### TASK BRIEF
With the pictures omitted, set down exactly the lines from the one that contains "Roller Skating Rainbow" through the last line of the data.

━━━━━ EXTRACTED RECORDS ━━━━━

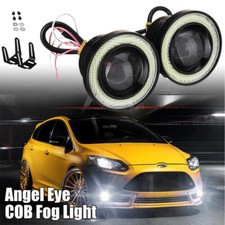 2x Car LED Angel Eyes Halo Ring Fog Lights Universal 76/89mm Round Spot COB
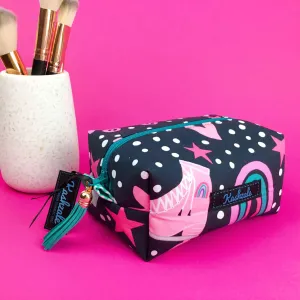 Roller Skating Rainbow Medium Box Makeup Bag.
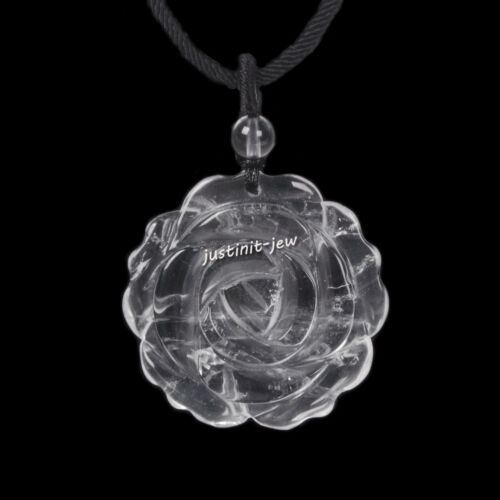 35mm Carved Gemstone Reiki Rose Flower Pendant Charm Healing Necklace 22 inch
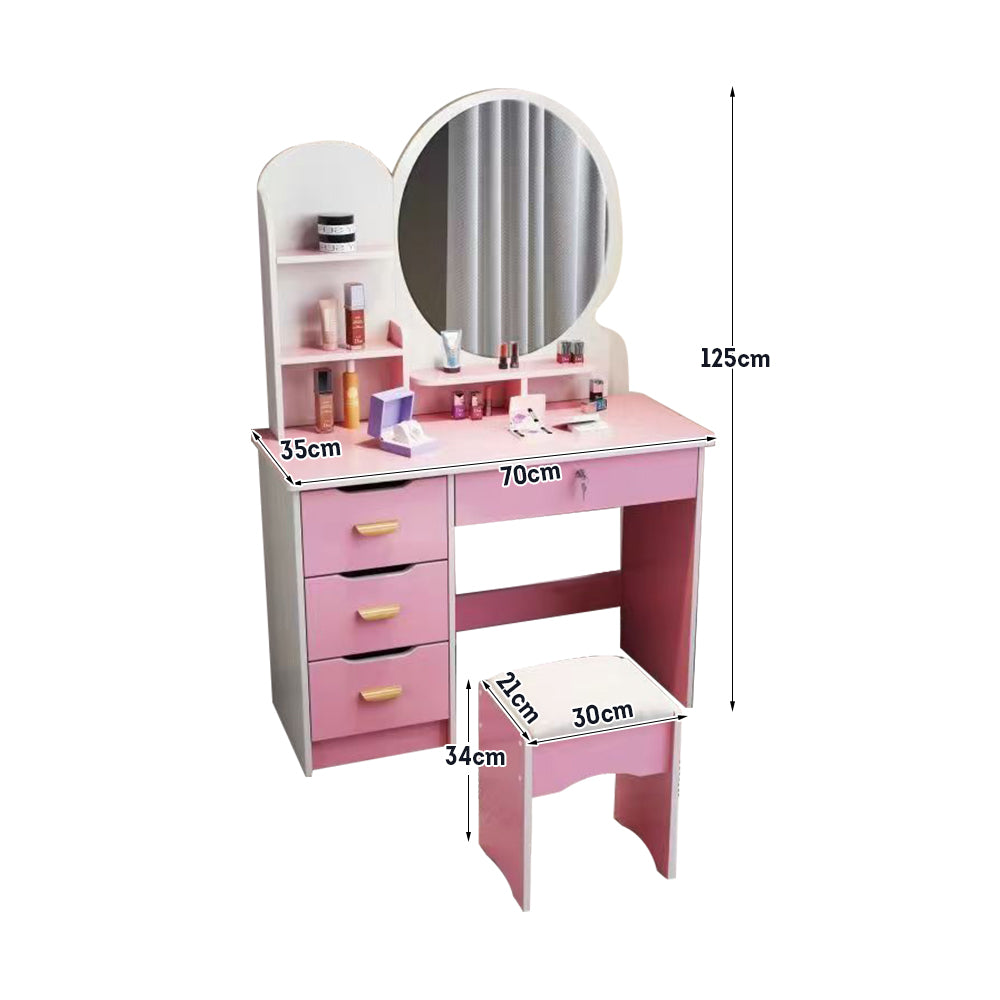 LIVARA 70/80CM Length Round Mirror Dressing Table With Stool
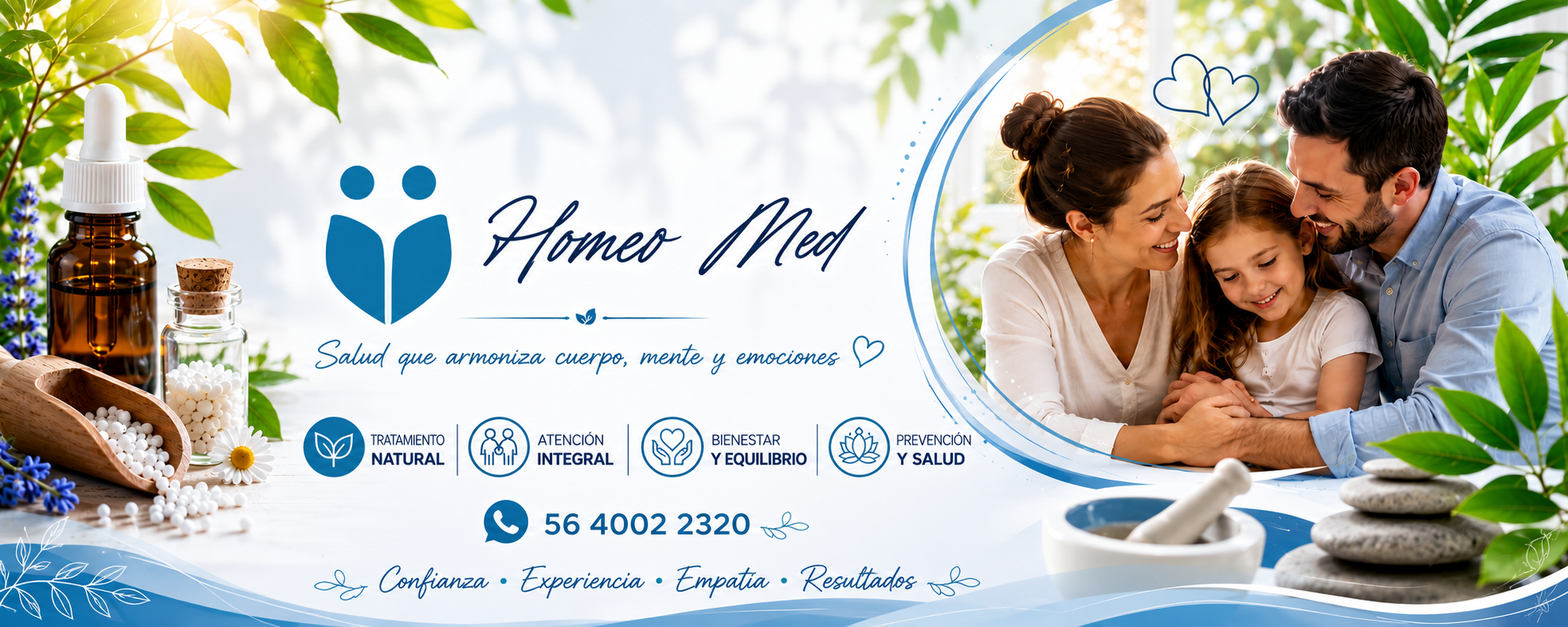 Familia disfrutando de bienestar y salud a través de la medicina homeopática integrativa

━━━━━

### TASK OUTPUT
 Roller Skating Rainbow Medium Box Makeup Bag.
 35mm Carved Gemstone Reiki Rose Flower Pendant Charm Healing Necklace 22 inch
 LIVARA 70/80CM Length Round Mirror Dressing Table With Stool
 Familia disfrutando de bienestar y salud a través de la medicina homeopática integrativa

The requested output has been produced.